Yes, exactly, but I need it to do 8 stereo pairs to separate files on two Mac Minis but most important, split the files at the sample level, no gaps. I’m not sure command lines can be that precise. Unless there is a split after x minutes. If so, that would solve it. I tried the rec file.aif trim 10, but didn’t work the way I would expect (splitting every 10 seconds, creating a new file).

 

[rec -V5…]

 

Looks like buffer overrun. This stopped after 25 seconds.

 

minion-2-recording:~ minion$ ~/sox/rec -c 8 -b 16 -r 48k /Volumes/CAF3/test.caf

/Users/minion/sox/rec WARN formats: can't set 8 channels; using 18

 

Input File     : 'default' (coreaudio)

Channels       : 18

Sample Rate    : 48000

Precision      : 32-bit

Sample Encoding: 32-bit Signed Integer PCM

 

In:0.00% 00:00:25.69 [00:00:00.00] Out:1.23M [      |      ]        Clip:0    /Users/minion/sox/rec WARN coreaudio: coreaudio: unhandled buffer overrun.  Data discarded.
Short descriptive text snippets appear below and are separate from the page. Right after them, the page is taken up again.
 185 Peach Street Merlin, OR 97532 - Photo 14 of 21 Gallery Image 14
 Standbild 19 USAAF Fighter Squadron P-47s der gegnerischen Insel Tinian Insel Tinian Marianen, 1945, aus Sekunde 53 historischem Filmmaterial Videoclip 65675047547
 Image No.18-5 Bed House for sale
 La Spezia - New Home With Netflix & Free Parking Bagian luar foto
/Users/minion/sox/rec WARN coreaudio: coreaudio: unhandled buffer overrun.  Data discarded.

/Users/minion/sox/rec WARN coreaudio: coreaudio: unhandled buffer overrun.  Data discarded.

/Users/minion/sox/rec WARN coreaudio: coreaudio: unhandled buffer overrun.  Data discarded.
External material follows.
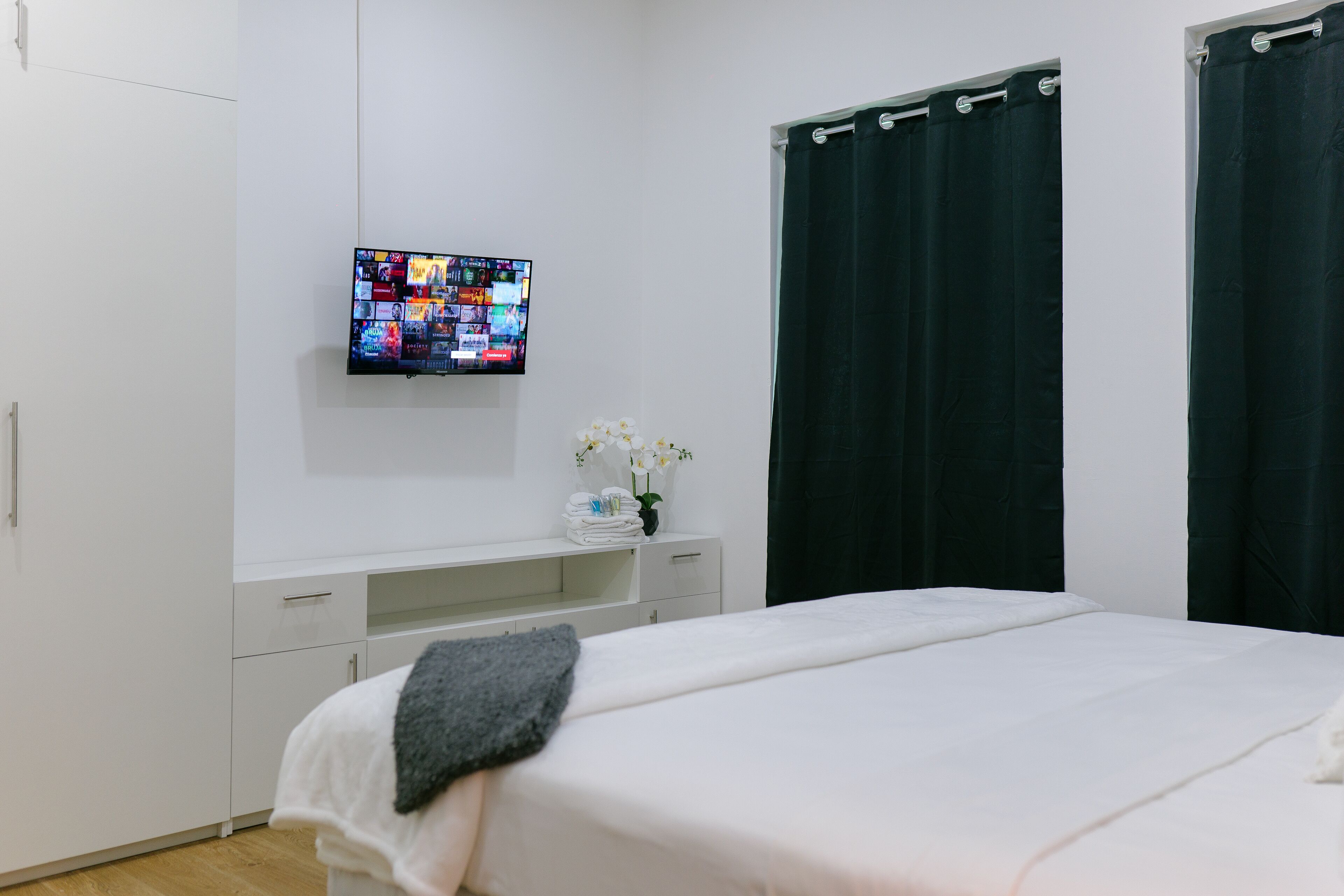 2 Schlafzimmer, Reisekinderbett, kostenloses WLAN, Bettwäsche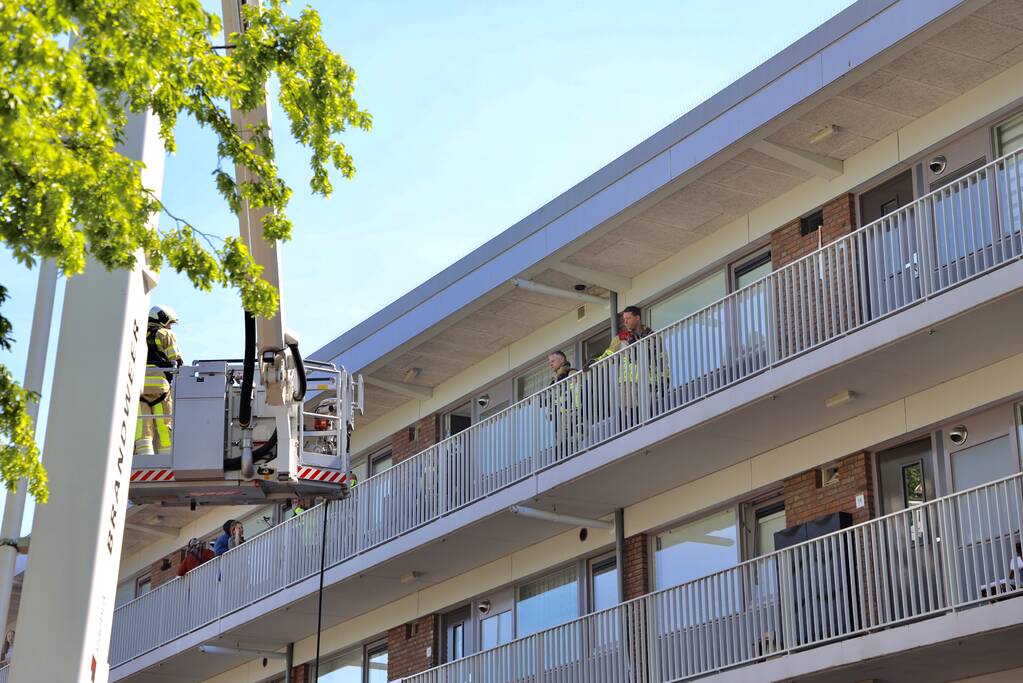Brand op derde verdieping in flatwoning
/Users/minion/sox/rec WARN coreaudio: coreaudio: unhandled buffer overrun.  Data discarded.

/Users/minion/sox/rec WARN coreaudio: coreaudio: unhandled buffer overrun.  Data discarded.
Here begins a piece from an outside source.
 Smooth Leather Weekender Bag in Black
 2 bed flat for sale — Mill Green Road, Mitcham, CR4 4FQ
/Users/minion/sox/rec WARN coreaudio: coreaudio: unhandled buffer overrun.  Data discarded.

/Users/minion/sox/rec WARN coreaudio: coreaudio: unhandled buffer overrun.  Data discarded.

/Users/minion/sox/rec WARN coreaudio: coreaudio: unhandled buffer overrun.  Data discarded.

/Users/minion/sox/rec WARN coreaudio: coreaudio: unhandled buffer overrun.  Data discarded.

/Users/minion/sox/rec WARN coreaudio: coreaudio: unhandled buffer overrun.  Data discarded.

/Users/minion/sox/rec WARN coreaudio: coreaudio: unhandled buffer overrun.  Data discarded.

In:0.00% 00:00:25.71 [00:00:00.00] Out:1.23M [      |      ]        Clip:0    

Done.

 

 

5/12/24, 14:02, "Jan Stary" <hans@xxxxxxxx>:

 

On May 12 18:49:57, D.Cottle@xxxxxxxx wrote:
> I pretty much got it to work, but new question: SoX stops on its own. I can’t see any reason. This has happened when recording from the interface to my laptop, from my internal speaker on laptop, and on our Mac Minis at school. After about 30 minutes of recording 8 channels to a single file, it simply stops and returns “done.” Why would this happen?

What exactly is the sox command line?
Is there enough space where you are writing?

> Yes, I split the .CAF files with a script (AppleScript that sends
> a shell script with sox) every hour to aif.

Hwo exactly are you recording the CAF files in the first place?
How are you restarting this CAF recording? Surely you don't record
one endless file.

How exactly are you splitting the caf files to the aif files?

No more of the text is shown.